Between them, they had finished the pile when Sogetai returned. He was carrying a wad of fabric, which he set down on Anat’s bed with a flourish before peeling off a layer and shaking it out to reveal that it was a bag.
“The other two are for later. For sorting.” Sogetai grinned, proud of his foresight.
Temechi smiled back at him and rose, clapping Sogetai on the shoulder as they switched places. Then Temechi was gone, and Sogetai dropped his bags on the bed in favor of picking up the necklaces. Anat tensed.
Carefully, Sogetai draped the necklaces one by one around his hand, keeping them aligned. Then he took—was that a spare hair tie?—and looped it through the pile of necklaces before putting the lot in one of his bags.
“You didn’t want to sort them tonight, right?” he asked.
Anat shook his head, as he thought he was supposed to.
There was an awkward silence. Sogetai was the one to break it. “So, what do you think of White Horse’s Ride?”
It took Anat a moment to realize that that was the name of the White Scar game on the tablet—its label was in Korchin. It was hard know what to say, especially since it was clear Sogetai liked it better than he did. “I’m not any good at it,” he said at last.
“I guess no one is to begin with,” Sogetai said, and shrugged.
Anat wondered if he wanted to gain skill with that game. He’d prefer a book, but—it had been better than nothing. He suspected the game would be better without Sogetai staring over his shoulder, but he didn’t know if he’d really like it even then.
Obviously he couldn’t say that. Temechi’s return saved him from having to figure out what to say instead.
Dinner was a thin gruel, notable only for not being entirely liquid.
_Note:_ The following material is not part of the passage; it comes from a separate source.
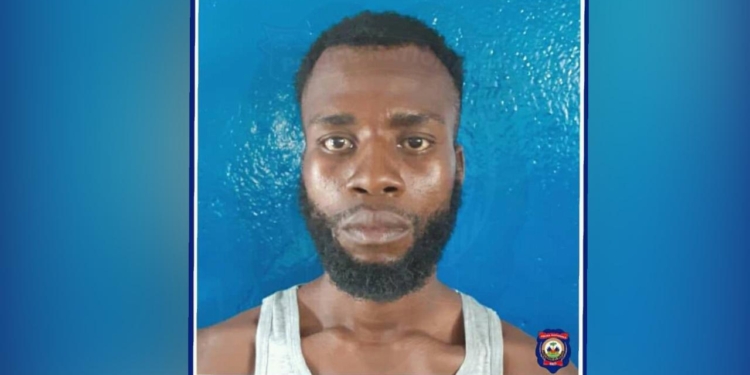Arrestion de Pélerge Josué, un ancien évadé de prison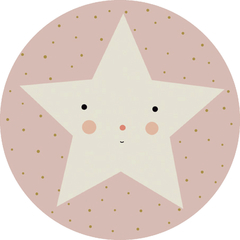 Plaquinha Estrela Branca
It seemed Temechi wanted to reintroduce Anat to solid food gradually. (Well, it was true that he must have been badly dehydrated.)
He made himself smile at Temechi between spoonfuls—he must not let them think he was ungrateful.
And he was grateful. But—
They had fed him, they had sheltered him from their brothers, Temechi had bandaged his wounds, they had even given him books—a ridiculous amount of effort to go to for a traitor slave.
So what did they want from him in return?
Obedience, certainly. (Compliance.) But that alone did not explain the books.
They might just have been a convenient distraction. But Temechi had asked what he thought of them. Asked and listened to his replies.
He kept turning the evidence over in his mind, through the rest of his meal and after. Temechi wanted him to sleep longer periods than the Scars, so he closed his eyes and tried. But he lay awake a while, still thinking.
Perhaps they wanted him to be something like the hetaerae of Olympia, more than what the Wolves had made of him—an entertainment for mind as well as body.
That should have been a hopeful thought—that they wanted him to think, to be more than the remnant of his body. But the idea of giving up his thoughts to them, in addition to everything else…
Did they truly want the one thing the wolves hadn’t required of him?